Task requirements — Only one portion of the data is to be written out: from the line bearing "CHOICEWARDROBE grey gloss" through the line bearing "Wal & Pai Doty". Write it exactly as it appears.

Extracted data entries —

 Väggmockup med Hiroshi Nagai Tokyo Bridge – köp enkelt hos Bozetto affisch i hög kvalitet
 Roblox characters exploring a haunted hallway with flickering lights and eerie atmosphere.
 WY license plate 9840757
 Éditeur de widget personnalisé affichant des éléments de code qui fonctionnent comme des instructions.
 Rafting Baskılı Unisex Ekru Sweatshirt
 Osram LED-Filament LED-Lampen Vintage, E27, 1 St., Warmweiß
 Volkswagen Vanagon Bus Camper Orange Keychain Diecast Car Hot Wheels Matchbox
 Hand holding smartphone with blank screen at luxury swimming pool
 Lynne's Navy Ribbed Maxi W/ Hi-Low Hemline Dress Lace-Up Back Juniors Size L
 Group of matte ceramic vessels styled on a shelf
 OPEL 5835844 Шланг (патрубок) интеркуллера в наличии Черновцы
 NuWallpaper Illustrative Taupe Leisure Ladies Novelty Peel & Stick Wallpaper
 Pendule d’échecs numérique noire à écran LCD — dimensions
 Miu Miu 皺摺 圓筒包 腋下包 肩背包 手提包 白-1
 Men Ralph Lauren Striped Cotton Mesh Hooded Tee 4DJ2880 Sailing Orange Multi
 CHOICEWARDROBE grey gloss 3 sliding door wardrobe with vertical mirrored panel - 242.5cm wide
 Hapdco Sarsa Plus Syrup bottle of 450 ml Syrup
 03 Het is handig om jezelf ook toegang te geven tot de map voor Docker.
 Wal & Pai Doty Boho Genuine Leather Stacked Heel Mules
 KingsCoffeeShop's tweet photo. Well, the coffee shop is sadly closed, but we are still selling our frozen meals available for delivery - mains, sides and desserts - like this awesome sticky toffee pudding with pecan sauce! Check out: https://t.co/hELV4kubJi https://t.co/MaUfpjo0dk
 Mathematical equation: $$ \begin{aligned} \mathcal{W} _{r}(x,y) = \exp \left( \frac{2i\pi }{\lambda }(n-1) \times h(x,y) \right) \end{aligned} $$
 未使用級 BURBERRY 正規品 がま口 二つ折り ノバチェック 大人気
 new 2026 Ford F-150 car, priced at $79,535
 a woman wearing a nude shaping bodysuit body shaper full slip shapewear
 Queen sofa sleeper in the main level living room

Exercise result —
 CHOICEWARDROBE grey gloss 3 sliding door wardrobe with vertical mirrored panel - 242.5cm wide
 Hapdco Sarsa Plus Syrup bottle of 450 ml Syrup
 03 Het is handig om jezelf ook toegang te geven tot de map voor Docker.
 Wal & Pai Doty Boho Genuine Leather Stacked Heel Mules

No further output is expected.